How many ways can 5 sopranos and 4 altos be selected from 7 sopranos and 9 altos?

Answer 1

First, let us consider each case separately.

Looking at the first case, we need to find how many ways we can choose 5 sopranos from 7 sopranos. When we need to find the amount of combinations of n objects when we can only choose r objects, we can use the formula:

combinations = n!/r!(n-r)!

The ! symbol means to multiply that number by all the numbers before it.

So 4! = 4 * 3 * 2 * 1 = 24

n = the total number of sopranos we can choose from (7 sopranos)

r = the amount of sopranos we can actually choose (5 sopranos)

So plugging everything into the formula:

combinations = 7!/5!(7-5)! = 7!/5!*2! = (7*6*5*4*3*2)/(5*4*3*2)*(2) = 21 different combinations.

Next, let's consider the altos.

Our formula (combinations = n!/r!(n-r)!) is the same so we just need to plug in a different set of values.

n = the total number of altos we can choose from (9 altos)

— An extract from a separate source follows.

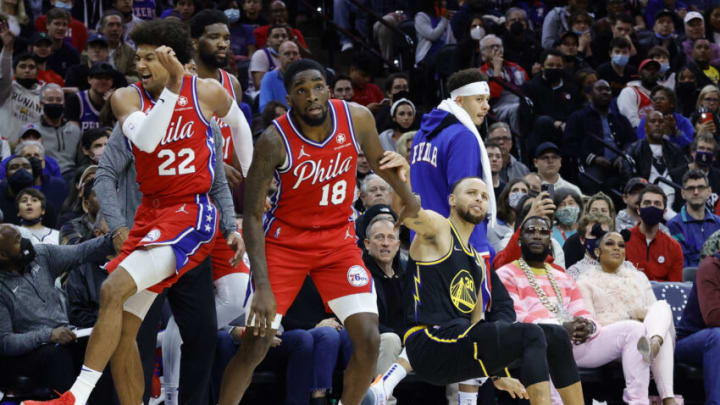 PHILADELPHIA, PENNSYLVANIA - DECEMBER 11: Matisse Thybulle #22, Shake Milton #18 and Seth Curry #31 of the Philadelphia 76ers react as Stephen Curry #30 of the Golden State Warriors shoots a three pointer at Wells Fargo Center on December 11, 2021 in Philadelphia, Pennsylvania. NOTE TO USER: User expressly acknowledges and agrees that, by downloading and or using this photograph, User is consenting to the terms and conditions of the Getty Images License Agreement. (Photo by Tim Nwachukwu/Getty Images)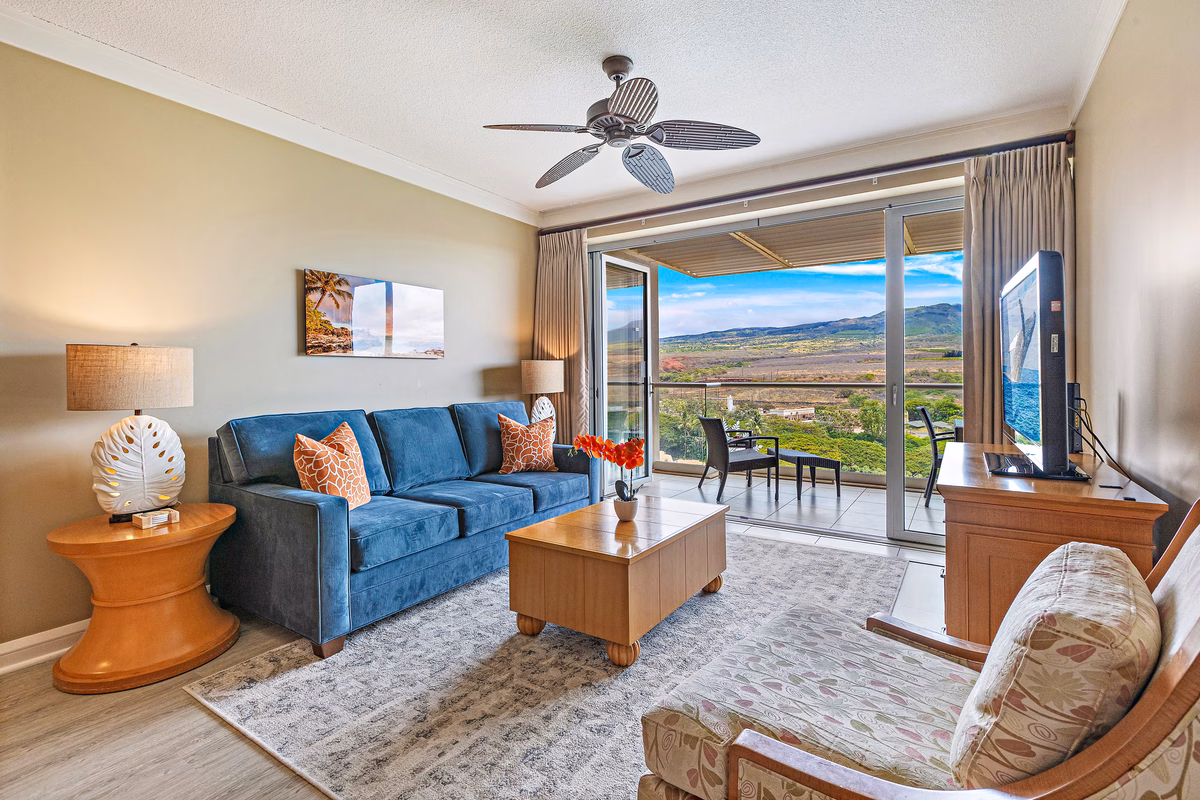 Mountain-view living room with lanai at Honua Kai penthouse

r = the amount of altos we can actually choose (4 altos)

So, using the formula:

combinations = 9!/4!(9-4)! = 9!/4!*5! = (9*8*7*6*5*4*3*2)/(5*4*3*2)*(4*3*2) = 126 different combinations.

If we treat the choosing of the alto's and soprano's as two independent events, then we can figure out the number of combinations of both events by multiplying the number of combinations for both. In this case, we would multiply the number of combinations for choosing 5 from 7 sopranos (21) by the number of combinations for choosing 4 from 9 altos (126.) This gives us 21 * 126 = 2646 different combinations.